TF-IDF practice. Method 1: relying mostly on TfidfVectorizer without pandas

This practice file uses the "EEBOphase2_1590-1639_body_texts" folder from DCC.

Helpful tutorial: https://www.youtube.com/watch?v=i74DVqMsRWY

Helpful note: "the function get_feature_namest() for the vectorizer is now deprecated; when version 1.2 of sklearn is released the function will be completely removed (thus breaking the code in this video). The new standard function to use is to change the line to: vectorizer.get_feature_names_out()."

In [13]:
from sklearn.feature_extraction.text import TfidfVectorizer
from sklearn.cluster import KMeans
from sklearn.metrics import adjusted_rand_score
import string
from nltk.corpus import stopwords
import json
import glob
import re
import os

In [29]:
# Put the folder pathname here:
folderPath = "/Users/Jerry/Desktop/Submission Diary entries"

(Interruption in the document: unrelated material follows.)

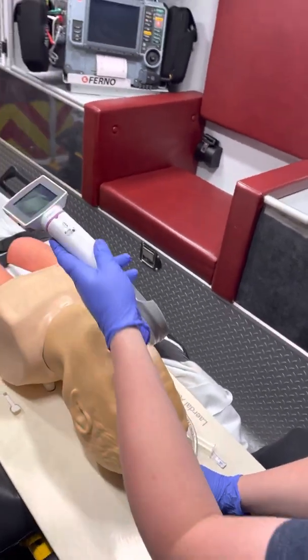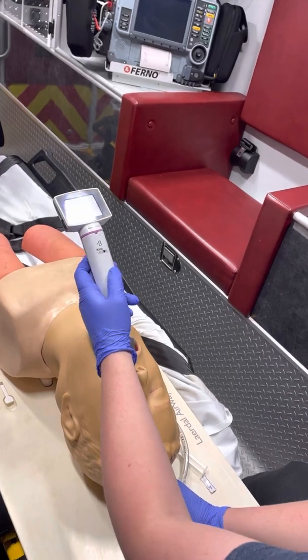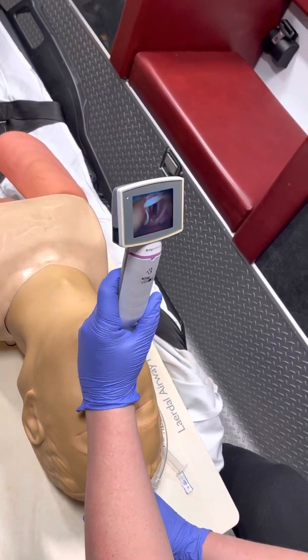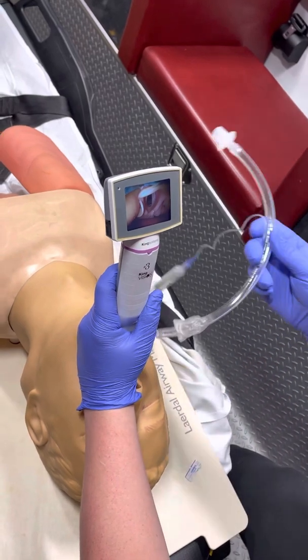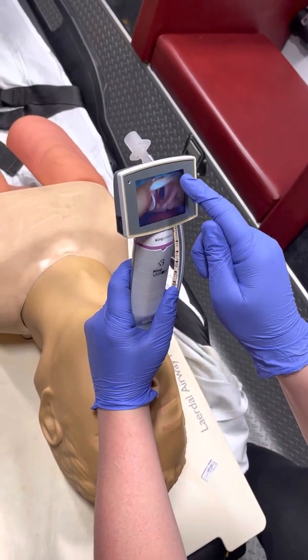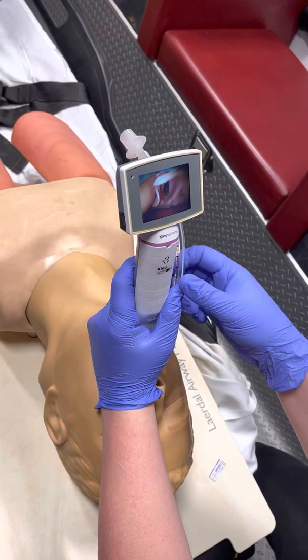You're going to put your patient in the sniffing position and insert the laryngoscope just like you would a curved blade, sitting it right behind the epiglottis in the vallecula — just like you would your Mac blade. From here you can slip your tube down the track, and you can see we have a really nice view: the epiglottis is lifted out of the way, vocal cords on each side, and a nice view of the glottic opening.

# The following dictionary stores the content of all files. The document is in this format - key: (type: string. file name without ".txt") | value: (type: string. the text of the document combined into one paragraph):

titleContentDictionary = {}

# The loadFolder function below reads the "folderPath" variable and loads content into the dictionary above.
def loadFolder(folder):
    for filename in os.listdir(folder):
        if filename.endswith(".txt"):
            filePath = os.path.join(folder, filename)
            with open(filePath, "r") as fileToOpen:
                content = fileToOpen.read()
                content = content.replace("\n", "")
                content = " ".join(content.split())
                titleContentDictionary[filename[:-4]] = content
loadFolder(folderPath)

#FOR DEBUG: print(titleContentDictionary["A00002"])

'''
USE THIS CODE IF YOU WISH TO STORE THE CONTENT OF FILES IN A JSON:

with open("file.json", "w", encoding="utf-8") as jsonDestination:
    json.dump(titleContentDictionary, jsonDestination, indent=4)
'''

'\nUSE THIS CODE IF YOU WISH TO STORE THE CONTENT OF FILES IN A JSON:\n\nwith open("file.json", "w", encoding="utf-8") as jsonDestination:\n    json.dump(titleContentDictionary, jsonDestination, indent=4)\n'

In [15]:
# Fucntion to clean stopwords and punctuation marks. Call this function if needed
def cleanStopwordsPunctuation(content):
    splittedContent = content.split()
    withStopwordsRemovedList = []
    for word in splittedContent:
        if word not in stopwords.words("english"):
            withStopwordsRemovedList.append(word)
    withStopwordsRemovedString = " ".join(withStopwordsRemovedList)
    punctuationRemoved = withStopwordsRemovedString.translate(str.maketrans("", "", string.punctuation))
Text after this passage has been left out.